▶ PROBLEM:
The pictures must be left out, while the rest of the data is copied exactly.

▶ DATA EXCERPT:
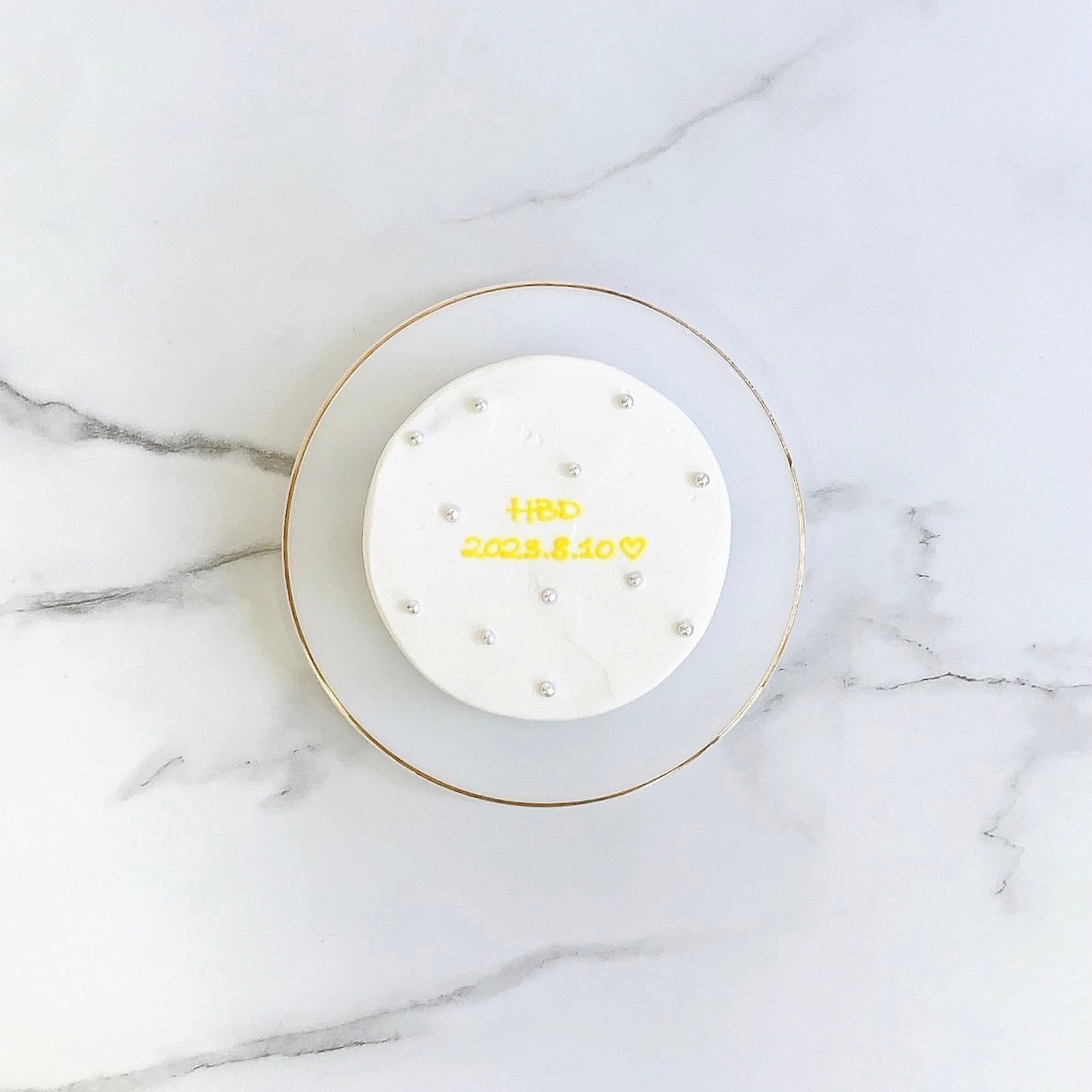 スプリンクルセンイルケーキ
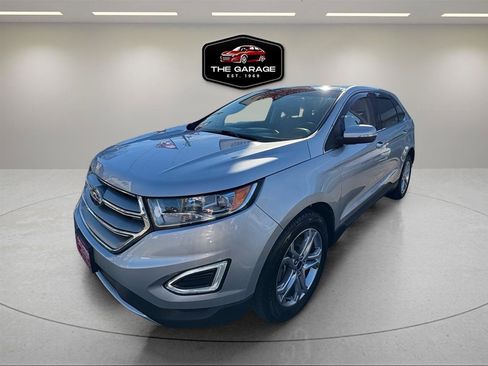 Used 2017 Ford Edge Titanium w/ Equipment Group 301A AWD/4WD image 4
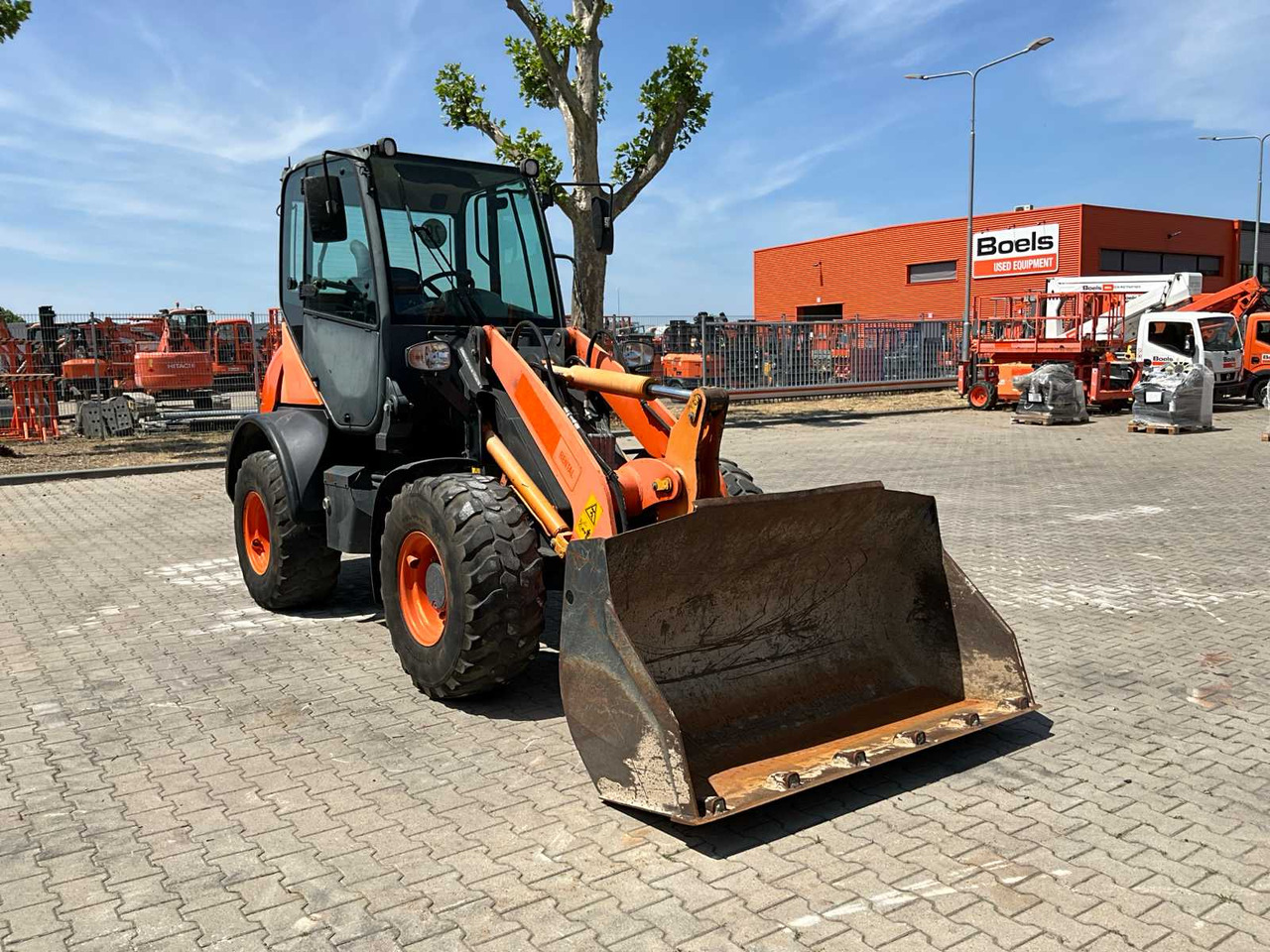 Komatsu WA80-6 - 轮式装载机:图4 Komatsu WA80-6 - 轮式装载机:图4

▶ OUTPUT BELOW:
 スプリンクルセンイルケーキ
 Used 2017 Ford Edge Titanium w/ Equipment Group 301A AWD/4WD image 4
 Komatsu WA80-6 - 轮式装载机:图4 Komatsu WA80-6 - 轮式装载机:图4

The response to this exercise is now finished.